*Prompt*. Begin at the line containing "Torta de chocolate" in the entries below and end at the line containing "2024 PANINI DONRUSS"; transcribe that range exactly and nothing outside it.

Records excerpted from a collection
•••
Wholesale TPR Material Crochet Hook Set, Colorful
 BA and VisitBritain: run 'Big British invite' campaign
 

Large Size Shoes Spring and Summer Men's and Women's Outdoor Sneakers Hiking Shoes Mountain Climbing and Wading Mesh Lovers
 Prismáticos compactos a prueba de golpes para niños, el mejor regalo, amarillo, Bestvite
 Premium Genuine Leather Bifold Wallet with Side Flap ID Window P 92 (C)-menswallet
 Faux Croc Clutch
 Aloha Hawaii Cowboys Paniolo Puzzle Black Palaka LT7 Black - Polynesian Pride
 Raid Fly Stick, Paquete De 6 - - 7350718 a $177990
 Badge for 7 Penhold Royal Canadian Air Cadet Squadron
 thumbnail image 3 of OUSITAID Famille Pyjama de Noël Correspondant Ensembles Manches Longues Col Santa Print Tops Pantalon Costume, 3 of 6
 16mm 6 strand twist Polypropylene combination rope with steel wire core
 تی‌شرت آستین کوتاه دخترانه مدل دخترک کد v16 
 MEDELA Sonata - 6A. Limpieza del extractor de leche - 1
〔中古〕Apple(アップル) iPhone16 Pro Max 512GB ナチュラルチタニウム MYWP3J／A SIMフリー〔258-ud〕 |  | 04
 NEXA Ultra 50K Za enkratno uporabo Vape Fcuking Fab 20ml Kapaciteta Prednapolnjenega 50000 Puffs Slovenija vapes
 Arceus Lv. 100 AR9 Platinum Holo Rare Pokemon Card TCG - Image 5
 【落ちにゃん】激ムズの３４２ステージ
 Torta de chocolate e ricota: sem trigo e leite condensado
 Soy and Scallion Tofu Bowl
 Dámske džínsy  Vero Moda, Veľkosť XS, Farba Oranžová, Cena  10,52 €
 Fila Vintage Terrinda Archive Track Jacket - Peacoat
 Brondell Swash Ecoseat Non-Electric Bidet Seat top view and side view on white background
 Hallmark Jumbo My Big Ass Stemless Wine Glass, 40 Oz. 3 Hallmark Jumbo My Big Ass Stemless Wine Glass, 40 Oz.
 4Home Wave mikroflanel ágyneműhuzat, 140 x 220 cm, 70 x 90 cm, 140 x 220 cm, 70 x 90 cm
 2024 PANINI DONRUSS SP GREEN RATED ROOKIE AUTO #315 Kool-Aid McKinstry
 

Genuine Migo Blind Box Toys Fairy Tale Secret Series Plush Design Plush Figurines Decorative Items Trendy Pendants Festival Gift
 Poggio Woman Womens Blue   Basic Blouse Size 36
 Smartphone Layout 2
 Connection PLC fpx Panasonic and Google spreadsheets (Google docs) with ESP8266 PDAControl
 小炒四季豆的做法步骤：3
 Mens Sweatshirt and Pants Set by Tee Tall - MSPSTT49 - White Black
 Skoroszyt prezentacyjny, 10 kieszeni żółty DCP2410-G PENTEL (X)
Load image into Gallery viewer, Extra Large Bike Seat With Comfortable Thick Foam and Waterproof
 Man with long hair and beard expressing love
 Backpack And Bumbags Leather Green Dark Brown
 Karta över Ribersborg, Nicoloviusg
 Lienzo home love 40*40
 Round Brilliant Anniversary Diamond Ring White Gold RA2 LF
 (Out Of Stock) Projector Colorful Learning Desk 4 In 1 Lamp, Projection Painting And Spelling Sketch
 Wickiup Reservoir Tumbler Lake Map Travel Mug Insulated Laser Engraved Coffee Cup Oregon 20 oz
•••
*Final answer*.
 Torta de chocolate e ricota: sem trigo e leite condensado
 Soy and Scallion Tofu Bowl
 Dámske džínsy  Vero Moda, Veľkosť XS, Farba Oranžová, Cena  10,52 €
 Fila Vintage Terrinda Archive Track Jacket - Peacoat
 Brondell Swash Ecoseat Non-Electric Bidet Seat top view and side view on white background
 Hallmark Jumbo My Big Ass Stemless Wine Glass, 40 Oz. 3 Hallmark Jumbo My Big Ass Stemless Wine Glass, 40 Oz.
 4Home Wave mikroflanel ágyneműhuzat, 140 x 220 cm, 70 x 90 cm, 140 x 220 cm, 70 x 90 cm
 2024 PANINI DONRUSS SP GREEN RATED ROOKIE AUTO #315 Kool-Aid McKinstry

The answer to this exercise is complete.